秘書さんが帰った後も特になにか言うわけでもなく家に戻った。
だがすぐに二人の様子が変わった。
「ねぇねぇ、ギルドってなんだか面白そうじゃない?」
「ララちゃんもそう思ったのです!?」
「うん! 毎朝依頼が貼り出されるんでしょ?」
「そうなのです! 毎朝冒険者が集まってくるのです!」
「でもお兄が言うようにマルセールでは依頼なんて少ないよね?」
「それが残念なのです。おそらく魔工ダンジョン関連の依頼ばかりなのです」
「う~ん、負ける気はしないけど取り合いになるんだったらなにかと面倒だよね」
「それに報酬は貰えるけど水晶玉は手に入らないと思うのです」
「だよね~。それなら勝手に討伐しにいくほうがいいよね?」
「……ここにギルドを作るのはどうなのです?」
「ここに!? ……うん、面白そう! それいいじゃん!」
「ホントなのです!? やってみるのです!」
って流れの会話がさっきあったんだ。
考えてみてもなにを面白いと思ったのかわからない。
ララだって面倒って言ってるじゃないか。
冒険者として毎朝集まる場所が欲しいだけか?
それならここの小屋でいいじゃないか。
「マルセールの冒険者ギルドに入りたいんなら入ってもいいんだぞ?」
「それはいいや。入ってもメリットがなにもなさそうだし」
「そうなのです。
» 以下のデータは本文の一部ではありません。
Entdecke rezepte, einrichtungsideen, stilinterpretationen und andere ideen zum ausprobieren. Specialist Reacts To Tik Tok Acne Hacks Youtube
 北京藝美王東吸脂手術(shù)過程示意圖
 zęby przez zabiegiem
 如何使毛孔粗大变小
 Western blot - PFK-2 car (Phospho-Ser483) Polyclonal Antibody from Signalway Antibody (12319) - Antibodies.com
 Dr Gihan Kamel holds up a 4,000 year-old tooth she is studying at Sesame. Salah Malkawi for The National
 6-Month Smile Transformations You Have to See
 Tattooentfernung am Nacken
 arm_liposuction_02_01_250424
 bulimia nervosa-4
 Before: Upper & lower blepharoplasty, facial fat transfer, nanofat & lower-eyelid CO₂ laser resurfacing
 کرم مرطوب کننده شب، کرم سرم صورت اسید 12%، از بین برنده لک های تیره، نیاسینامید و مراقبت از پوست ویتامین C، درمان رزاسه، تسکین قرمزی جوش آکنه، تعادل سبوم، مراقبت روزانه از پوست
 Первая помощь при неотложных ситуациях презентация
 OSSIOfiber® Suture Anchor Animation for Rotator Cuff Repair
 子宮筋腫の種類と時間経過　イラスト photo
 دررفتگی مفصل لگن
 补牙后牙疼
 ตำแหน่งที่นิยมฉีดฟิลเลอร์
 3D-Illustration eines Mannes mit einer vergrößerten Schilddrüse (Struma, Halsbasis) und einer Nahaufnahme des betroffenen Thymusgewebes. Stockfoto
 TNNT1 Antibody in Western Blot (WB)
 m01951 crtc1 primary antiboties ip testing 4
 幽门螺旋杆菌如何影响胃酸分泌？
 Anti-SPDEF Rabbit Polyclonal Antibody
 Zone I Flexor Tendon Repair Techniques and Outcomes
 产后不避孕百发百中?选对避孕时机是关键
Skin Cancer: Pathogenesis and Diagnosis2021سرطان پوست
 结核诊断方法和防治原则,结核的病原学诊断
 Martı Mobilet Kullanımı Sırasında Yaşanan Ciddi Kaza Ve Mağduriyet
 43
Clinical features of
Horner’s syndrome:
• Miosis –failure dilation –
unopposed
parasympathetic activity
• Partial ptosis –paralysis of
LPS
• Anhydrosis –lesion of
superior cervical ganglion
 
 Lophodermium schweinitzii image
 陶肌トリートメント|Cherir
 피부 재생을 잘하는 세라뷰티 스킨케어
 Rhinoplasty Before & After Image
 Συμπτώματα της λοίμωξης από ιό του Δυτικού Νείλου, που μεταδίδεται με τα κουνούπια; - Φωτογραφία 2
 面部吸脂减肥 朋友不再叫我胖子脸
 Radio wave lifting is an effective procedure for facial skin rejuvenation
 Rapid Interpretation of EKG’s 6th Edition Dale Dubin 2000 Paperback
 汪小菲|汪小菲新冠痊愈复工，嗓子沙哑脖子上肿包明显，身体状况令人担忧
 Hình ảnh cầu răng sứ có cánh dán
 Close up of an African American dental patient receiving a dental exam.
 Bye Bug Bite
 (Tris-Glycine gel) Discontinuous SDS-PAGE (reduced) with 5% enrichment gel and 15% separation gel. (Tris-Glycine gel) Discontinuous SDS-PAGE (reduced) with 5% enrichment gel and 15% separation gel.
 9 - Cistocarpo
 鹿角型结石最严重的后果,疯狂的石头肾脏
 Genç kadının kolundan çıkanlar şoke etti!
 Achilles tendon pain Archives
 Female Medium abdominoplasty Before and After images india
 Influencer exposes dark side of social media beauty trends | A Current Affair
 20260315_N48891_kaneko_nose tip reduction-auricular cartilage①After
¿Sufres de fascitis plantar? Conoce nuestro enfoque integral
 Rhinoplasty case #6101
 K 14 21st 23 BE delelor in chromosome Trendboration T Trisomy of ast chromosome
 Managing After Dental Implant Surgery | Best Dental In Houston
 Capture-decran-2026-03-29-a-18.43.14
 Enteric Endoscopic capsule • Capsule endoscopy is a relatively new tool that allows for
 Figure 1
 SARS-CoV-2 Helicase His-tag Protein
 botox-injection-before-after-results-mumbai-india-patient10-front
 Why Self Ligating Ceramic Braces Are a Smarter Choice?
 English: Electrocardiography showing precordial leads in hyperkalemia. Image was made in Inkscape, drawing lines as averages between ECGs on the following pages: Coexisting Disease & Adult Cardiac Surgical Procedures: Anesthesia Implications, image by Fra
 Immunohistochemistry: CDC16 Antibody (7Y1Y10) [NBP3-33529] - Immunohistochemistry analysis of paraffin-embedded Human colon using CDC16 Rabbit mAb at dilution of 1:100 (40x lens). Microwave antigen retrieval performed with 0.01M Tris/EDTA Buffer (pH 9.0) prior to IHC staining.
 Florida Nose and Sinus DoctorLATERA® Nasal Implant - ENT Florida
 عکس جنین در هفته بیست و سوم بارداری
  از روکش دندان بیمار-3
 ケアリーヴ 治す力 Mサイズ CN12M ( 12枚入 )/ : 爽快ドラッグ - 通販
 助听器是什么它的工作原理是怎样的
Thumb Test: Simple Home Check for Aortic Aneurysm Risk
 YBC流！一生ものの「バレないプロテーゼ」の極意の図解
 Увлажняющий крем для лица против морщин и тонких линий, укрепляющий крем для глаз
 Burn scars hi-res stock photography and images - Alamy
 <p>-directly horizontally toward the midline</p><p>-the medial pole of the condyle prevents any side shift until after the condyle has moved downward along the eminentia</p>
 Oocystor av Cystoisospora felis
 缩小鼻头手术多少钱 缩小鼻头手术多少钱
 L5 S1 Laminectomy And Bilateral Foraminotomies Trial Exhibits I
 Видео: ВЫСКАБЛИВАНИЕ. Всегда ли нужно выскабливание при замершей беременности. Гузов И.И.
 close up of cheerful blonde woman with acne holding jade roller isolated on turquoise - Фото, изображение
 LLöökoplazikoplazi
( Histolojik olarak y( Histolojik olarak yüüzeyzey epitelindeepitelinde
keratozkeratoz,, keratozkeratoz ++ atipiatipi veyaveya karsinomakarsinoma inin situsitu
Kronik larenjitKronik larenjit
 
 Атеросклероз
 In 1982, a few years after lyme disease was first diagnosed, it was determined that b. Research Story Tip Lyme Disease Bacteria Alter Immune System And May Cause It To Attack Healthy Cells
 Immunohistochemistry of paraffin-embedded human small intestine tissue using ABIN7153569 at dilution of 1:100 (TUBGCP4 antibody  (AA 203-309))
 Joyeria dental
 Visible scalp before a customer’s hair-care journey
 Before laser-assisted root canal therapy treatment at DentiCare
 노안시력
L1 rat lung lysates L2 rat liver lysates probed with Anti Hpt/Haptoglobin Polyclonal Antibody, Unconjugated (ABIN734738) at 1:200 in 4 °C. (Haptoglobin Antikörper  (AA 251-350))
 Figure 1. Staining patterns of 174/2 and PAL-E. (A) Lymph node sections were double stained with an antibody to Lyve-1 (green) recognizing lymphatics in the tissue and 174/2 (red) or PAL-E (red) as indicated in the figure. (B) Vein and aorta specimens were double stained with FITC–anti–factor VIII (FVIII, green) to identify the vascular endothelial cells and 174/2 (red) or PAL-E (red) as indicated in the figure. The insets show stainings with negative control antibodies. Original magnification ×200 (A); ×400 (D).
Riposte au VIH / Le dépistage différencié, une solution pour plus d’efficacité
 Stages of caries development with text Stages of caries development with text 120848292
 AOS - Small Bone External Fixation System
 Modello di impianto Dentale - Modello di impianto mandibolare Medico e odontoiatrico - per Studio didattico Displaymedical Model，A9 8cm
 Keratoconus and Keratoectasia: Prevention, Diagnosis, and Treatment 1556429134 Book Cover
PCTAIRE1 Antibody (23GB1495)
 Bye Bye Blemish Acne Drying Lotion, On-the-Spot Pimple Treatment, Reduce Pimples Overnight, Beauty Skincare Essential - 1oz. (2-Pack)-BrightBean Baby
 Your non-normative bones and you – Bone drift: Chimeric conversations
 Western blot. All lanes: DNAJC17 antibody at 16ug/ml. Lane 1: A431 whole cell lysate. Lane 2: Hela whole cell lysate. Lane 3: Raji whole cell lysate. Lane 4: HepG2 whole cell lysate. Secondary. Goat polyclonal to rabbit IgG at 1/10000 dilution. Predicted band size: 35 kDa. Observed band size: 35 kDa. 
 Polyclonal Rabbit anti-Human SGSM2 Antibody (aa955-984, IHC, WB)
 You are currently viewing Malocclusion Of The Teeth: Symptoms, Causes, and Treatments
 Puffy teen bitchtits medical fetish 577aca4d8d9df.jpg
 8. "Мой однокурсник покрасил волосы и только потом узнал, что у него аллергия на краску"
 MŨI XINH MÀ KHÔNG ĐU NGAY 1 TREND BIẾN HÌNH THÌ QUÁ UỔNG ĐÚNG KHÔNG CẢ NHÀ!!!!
自由がいいのです」
う~ん、自由か。
なのにギルドを作りたいってなんだか矛盾してないか?
ギルド運営をしてみたいお年頃なのか?
「ここにギルドを作っても結局依頼は魔工ダンジョンの討伐しかないぞ? しかもそれだと冒険者ギルドと依頼が被るからややこしくなるかもしれない。それに依頼を出してしまったらお前たちが自由にダンジョン討伐できなくなるぞ?」
「それでもいいの! きっとみんなもウチが依頼出したほうが喜んでくれるもん!」
「そうなのです! みんなここで成長した姿をロイスさんに見てほしいのです!」
冒険者たちは本当にそう思ってるのか?
それにマルセールで依頼を受けたほうが便利に決まってる。
毎朝ギルドに顔出していい依頼がなければここに来ればいいだけだし。
ちゃんと住み分けはできてるように思える。
それをわざわざ壊すようなことをしなくてもな。
ただでさえ仲は最悪なのに。
でも水晶玉は欲しいな。
冒険者ギルドが持っていても持て余すだけなんじゃないのか?
今後もどこかの錬金術師に渡して調査でもさせるんだろうか。
研究が進めばそのうち人工ダンジョンがあふれる世界になるかもな。
それはそれで面白いけど。
「お兄! 還元するチャンスだよ!」
「還元? なにをだ?」
「お金に決まってるじゃない! 依頼なんだから報酬はお金でしょ! 今まで使い道のなかったお金を使えるときが来たじゃない! 代わりに水晶玉は貰うけど」
「それも冒険者ギルドと全く同じじゃないか……。それこそみんな報酬のいいほうの依頼を受けるんじゃないか? 揉める予感しかしないけど……」
「あまり波風を立てるのもあれだから金額は同じにするの! それに加えてここでのみ使える食事券をこっそり報酬にしよう!」
「……まぁそれくらいならいいか。水晶玉は欲しいしな」
「いいの!? ギルド決定ってことでいいの!?」
「とりあえずやってみるか。やってみてハマらなかったらやめればいいだけだし」
「やったぁ!」
「わぁ~いなのです! 名前はどうするのです!?」
「さすがにギルドはマズいから、酒場はどうだ?」
「酒場!? ダンジョン酒場ってことね!?」
「いいのです! お酒も出すのです!」
ダンジョン酒場か。
この際前々から考えていたパーティの斡旋とかもしてみてもいいな。
お酒に関しても中級者が来るようになったら出そうかとも考えていたし。
でもどんどんやらなきゃいけないことが増えていく……。